Foreigners in the UAE usually have renewable visas valid for only a few years tied to employment. The government in the past couple of years has made its visa policy more flexible, offering longer residencies for certain types of investors, students and professionals.
This month, the UAE expanded eligibility for golden visas to all holders of doctorate degrees, medical doctors, as well as other categories such as those with specialised degrees in artificial intelligence and epidemiology.
"The UAE progressively extending golden residency to more and more categories will accelerate economic growth and productivity in Dubai," the emirate's department of economic development said on Monday.
"When all stages of granting golden residency to different groups are completed, economic growth rate in Dubai is likely to increase between 0.25% and 1%, driven largely by domestic demand and investment," it said, citing an internal study.

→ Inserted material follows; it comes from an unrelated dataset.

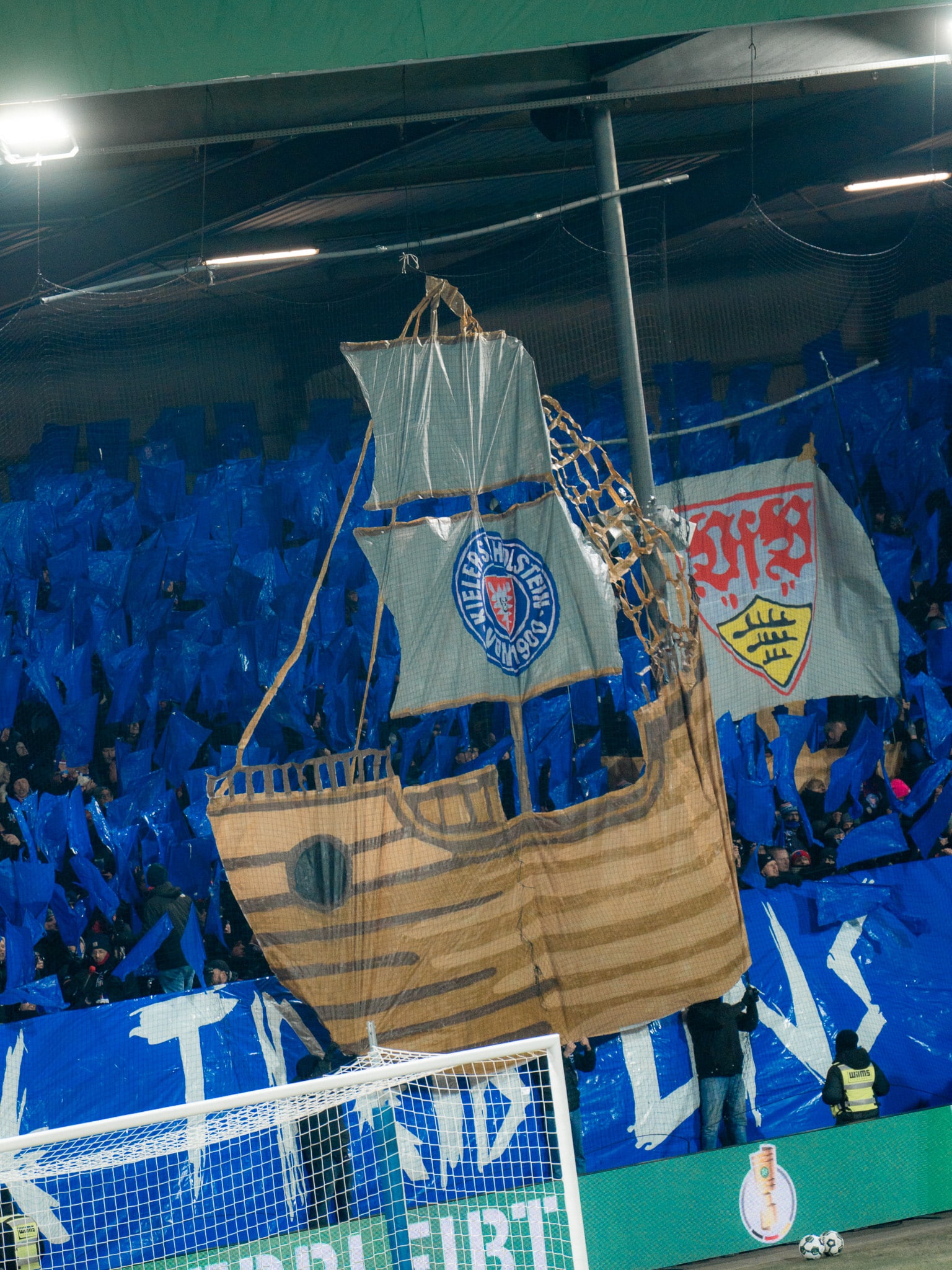 Mit einer Choreografie über die gesamte Westtribüne wurden unsere Störche auf das DFB-Pokal-Viertelfinale gegen den VfB Stuttgart eingestimmt. Danke für eure Unterstützung! Alle zusammen, alle für Holstein! 💙🤍❤️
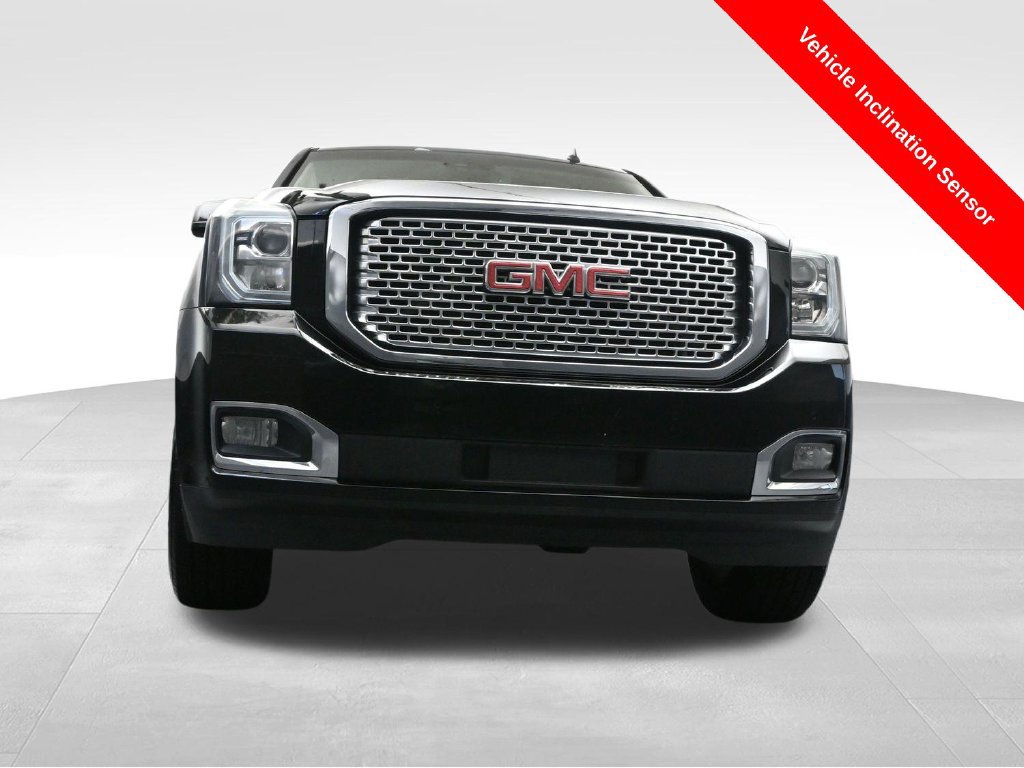 Used 2015 GMC Yukon XL Denali w/ Touring Package RWD image 31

An oil and gas producer, the UAE's economy has been hit hard by the coronavirus pandemic and low oil prices, prompting many expatriates to leave.
The International Monetary Fund said in October it expects the UAE economy to contract by 6.6% this year, with Dubai's real gross domestic product expected to shrink by 9.8%.
Dubai, which does not have the large oil wealth of its neighbour Abu Dhabi to cushion the financial impact of the crisis, expects to post a $3.2 billion deficit this year, a bond prospectus showed in September.
"The changes in the residency system reflect the UAE's interest in not only attracting creative and talented people, but also in ensuring they remain in the country," said Mohammed Shael Al Saadi, CEO of the corporate strategic affairs sector at the department of economic development.